WordsTakeshi Taniyama PhotographyTISCH

Museums and galleries around the world wait with anticipation for the announcement of Moriyama’s newest pieces. And, this summer, his photographic freedom will grace their walls once again with his newest exhibition entitled Pretty Woman. For a half century, Moriyama has wandered the streets of Tokyo capturing Tokyo’s melancholic beauty. We followed his tracks.

‘As soon as I step out from my office, that day’s journey begins’, Japanese photographer Daido Moriyama says. Moriyama’s journey begins where he lives, in Tokyo. If we narrow that territory down further, we find ourselves in Ikebukuro and Shinjuku.

‘Leave shooting New York to New Yorkers. Leave Paris to Parisians. It’s fundamental. I’m Japanese, which means I should shoot in Tokyo’—Moriyama from his book Hiru no Gakko Yoru no Gakko, Heibonsha Publishing.

Moriyama moved to Tokyo from Osaka in 1961 and embarked on his photographic journey of Tokyo after studying in Osaka. Since then, he’s staged his work in the capital city, producing masterpiece after masterpiece. Even today, he wanders the city in search of subjects.
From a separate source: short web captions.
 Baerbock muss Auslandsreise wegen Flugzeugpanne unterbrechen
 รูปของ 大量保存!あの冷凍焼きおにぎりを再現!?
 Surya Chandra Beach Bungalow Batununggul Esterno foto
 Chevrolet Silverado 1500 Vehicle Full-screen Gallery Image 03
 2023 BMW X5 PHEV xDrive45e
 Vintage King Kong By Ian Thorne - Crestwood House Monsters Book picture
‘If I don’t have any meetings or other business, I mostly just spend about half a day wandering around somewhere. Even if I can’t find the time, I spend the morning hanging around Ikebukuro. On the West side of Ikebukuro there are a lot of bars, right? If you go there in the morning, that’s where I am for the most part!’ Moriyama says with a laugh. He continues, ‘In the morning I’m in that area wandering around taking pictures, but only for one or two hours. If I have nothing to do in the afternoon, I go and shoot somewhere else. This is pretty much what my typical daily pace is like’.

Moriyama also enjoys shooting in Shinjuku, Nakano, and Asagaya. ‘Shinjuku is a symbolic area, but the number of people there is overwhelming. There are so many people crowded together. I love areas like that. Shinjuku is a dubious place, isn’t it? I like places like that’.
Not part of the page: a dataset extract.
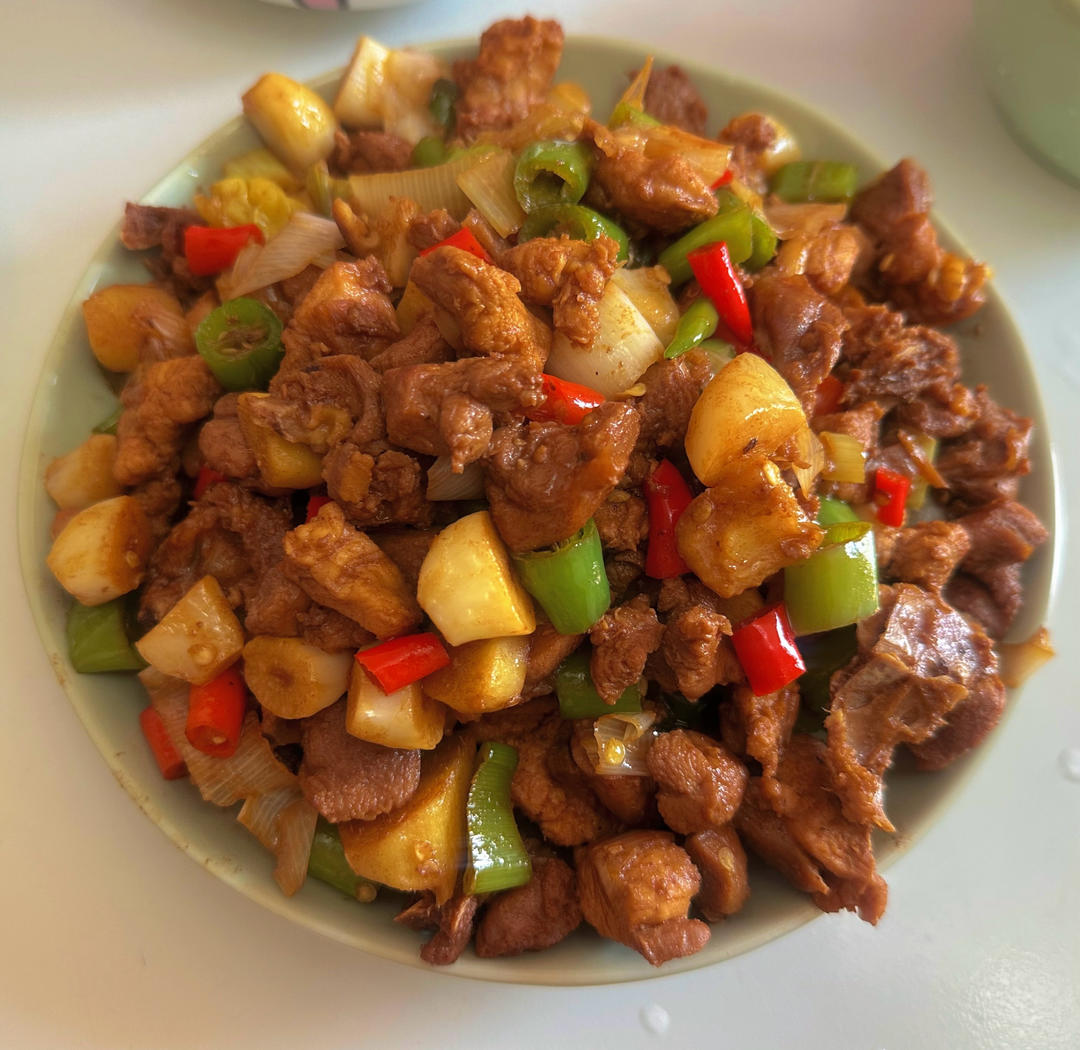 小炒鸡（鲜辣入味很下饭）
Around town, in the streets, and on street corners he shoots stitching the city together. He’s not shooting the town; he’s shooting the streets. He pushes his way through throngs of people in Tokyo’s concrete gardens, finding back alleys with thought-provoking fodder. As he walks armed with his camera, he evokes a curiosity, and it’s hard not to wonder how he sees the street before him.
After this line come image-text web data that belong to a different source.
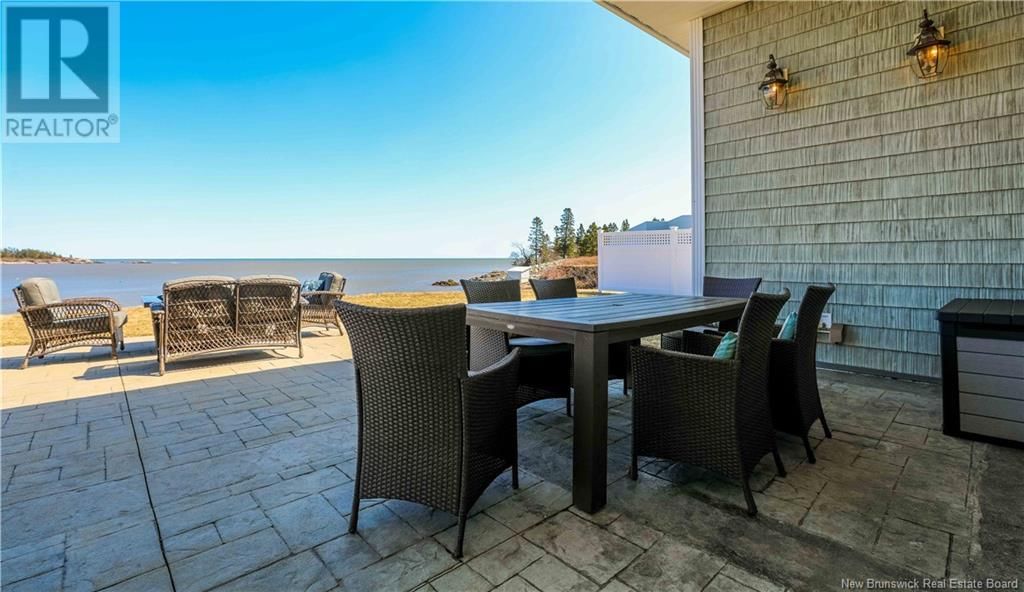 7 LONG BEACH LANE Image 32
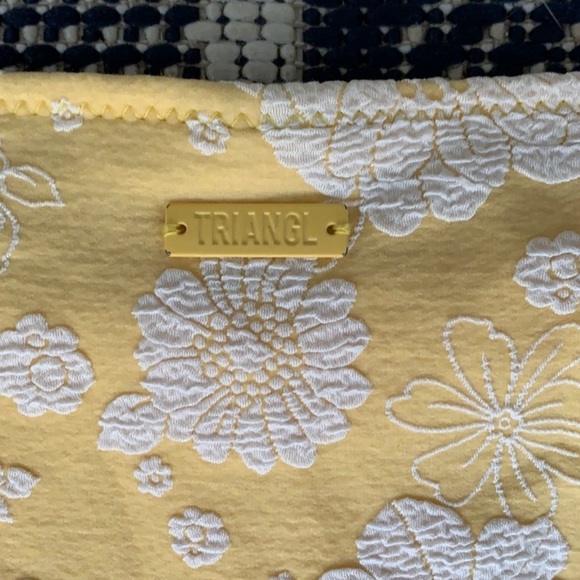 SOLD* Triangl bikini lemon 🍋 - Picture 8 of 12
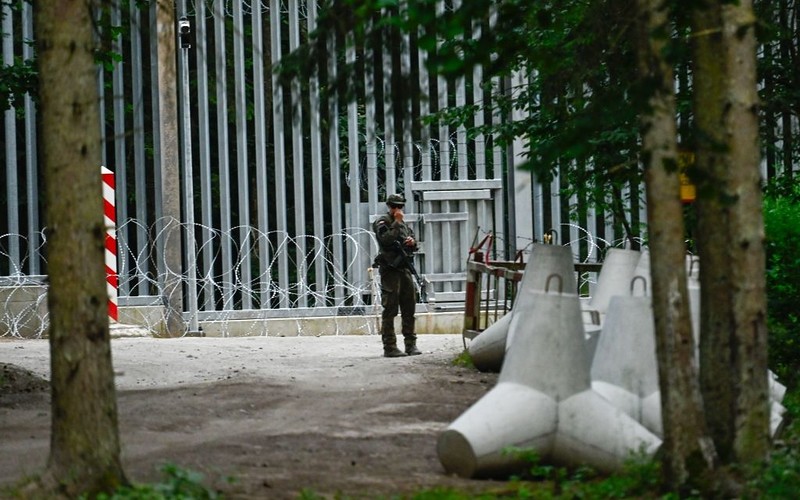 Poland re-establishes buffer zone on border with Belarus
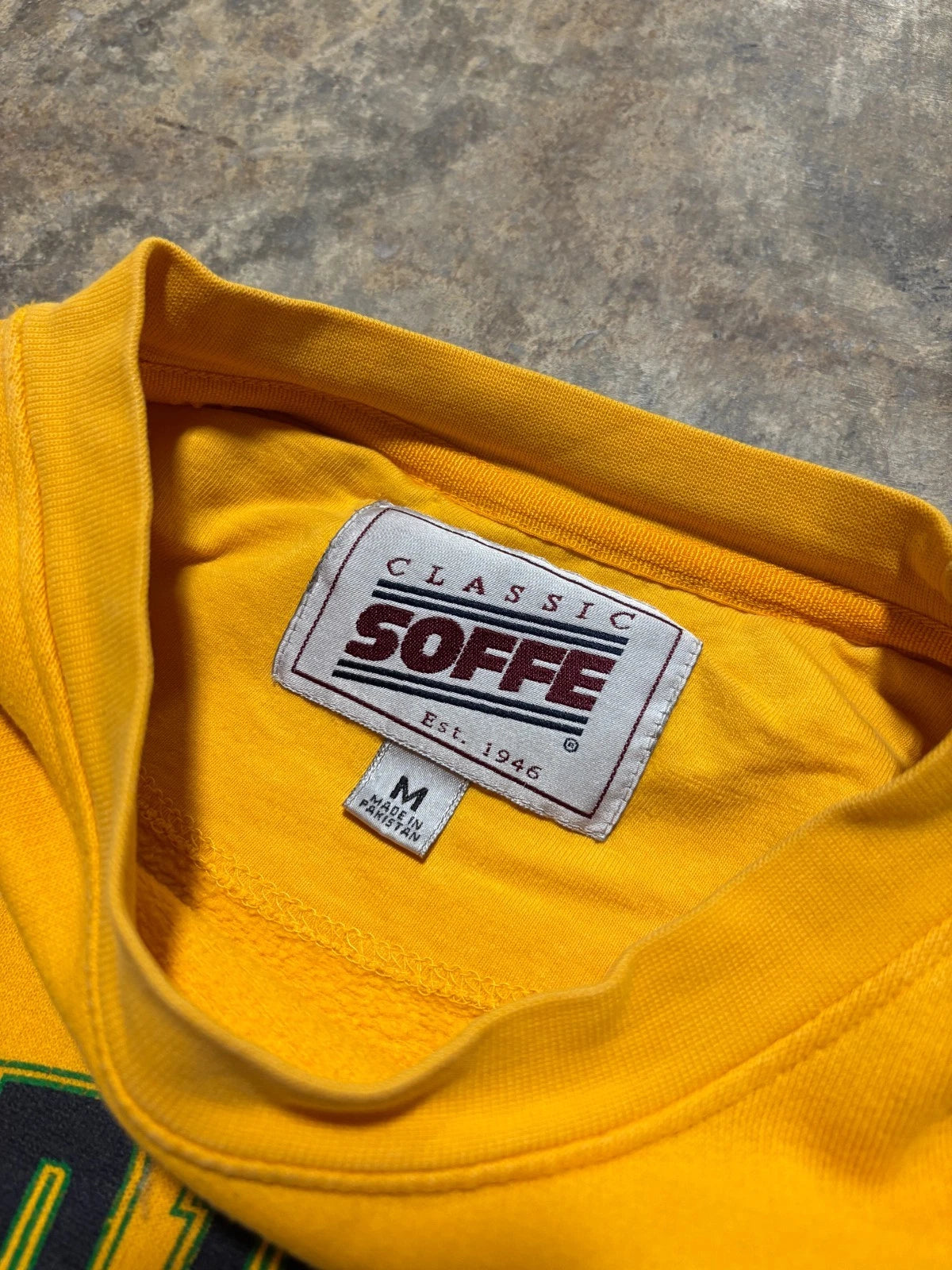 Vintage 1990s Notre Dame Sweatshirt - Yellow Pullover Sweater - Size Medium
‘It’s hard to put into words, but it’s erotic. That’s what I feel––erotic. I’m not talking about nudity. I shoot what feels seductive. Even the simplest subjects. A good example is that for me a motorcycle is seductive, and show windows can be too. I look for the areas that match my constitution, then the area becomes seductive for me’, Moriyama says, but later he adds to his story.

He continued, ‘There is one more thing. Depending on the person, what they see and feel is different, but I shoot things that have a silhouette. Businessmen and college students don’t have much of a silhouette. Of course they actually DO have a silhouette, but not to my eyes. So I shoot things and people that I feel, for me, have a silhouette’.

Moriyama used the peculiar word, ‘silhouette’, to describe his subjects. From that perspective, his new volume portraying women on the street, Pretty Woman; and it offers a glimpse to what he means by the word silhouette. There’s something bold in the throngs of people on the street. Digging deeper into the concept of silhouettes, we asked Moriyama to explain.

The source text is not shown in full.